The Longhorns boasted one of the state’s grittiest, toughest defenses that led all of six-man football in points allowed per game (7.2) with seven shutouts in 15 wins this year.
Gordon’s defense shined against Whiteface, forcing two key interceptions and recovering a fumble that all directly led to Longhorns’ scoring drives.
The Longhorns only needed 4 minutes and 9 seconds of possession time offensively to wreak havoc, with seven of Gordon’s nine touchdown drives lasting less than 20 seconds.
“This group for me — and I’m getting towards the end of my career — they are the greatest group that I’ve coached,” Gordon head coach Mike Reed said. “They would beat any other team that I’ve coached.”
That’s high praise from Reed, who has coached his fair share of state-title caliber six-man squads.

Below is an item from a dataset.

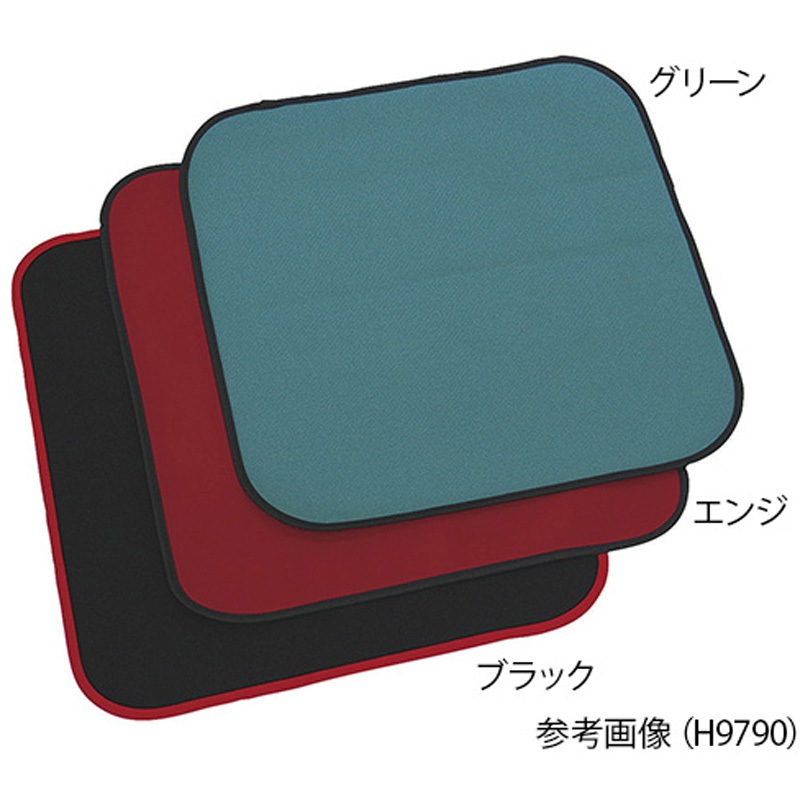 H9790 マルチマット ニシキ(川本産業) 消臭加工 【通販モノタロウ】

Before guiding the Longhorns to back-to-back Texas high school football state championships in 2023-24, Reed helped lead Rule and Throckmorton to the top of the sport too.
Reed coached Rule to two consecutive state title game appearances and led Throckmorton to back-to-back state championships after reaching three straight state championship games with the Greyhounds from 2010-12.
“There’s a level of dominance that I kind of want to leave a stamp on this game,” he said. “I’ve been (in) six-man for as long as I can remember, … and I just want to do respect by my community and by my kids and coming in and putting a statement on a season and ending it is just who we are. It’s our brand to just do things right.”
“Every snap of football I’ve ever played has been under him coaching me, so he’s kind of made our football field, just like a second home to me,” Gordon junior Noah Kostiha said. “And really, I spend more time with him than I do honestly with my parents, and it’s just a second home.”
For Stryker Reed, who was named the Offensive MVP for the Longhorns after racking up 177 total yards and five touchdowns, capturing back-to-back state championships at Gordon and playing for his dad — head coach Mike Reed — has been the realization of a lifelong dream of winning state titles together as a family on the field.
But now with two state titles under their belts and 92% of their team’s varsity roster returning, Stryker Reed and the Longhorns will have the opportunity to give Mike Reed one of the few things he hasn’t already achieved as a coach in 2025: an elusive three-peat.
“When I think of his legacy, I don’t necessarily think of all the rings and accomplishments he’s had. I think about how he impacted the kids he coached like not only to win, but to win in a manner that your kids then want to go be coaches, even after he tells them no, just because he makes them fall in love with the game,” Stryker Reed said.
“I fell in love with the game. I would agree that these fellas fell in love with the game. His previous players came and watched the game today because he just made them love the game and because that’s the kind of guy he is.”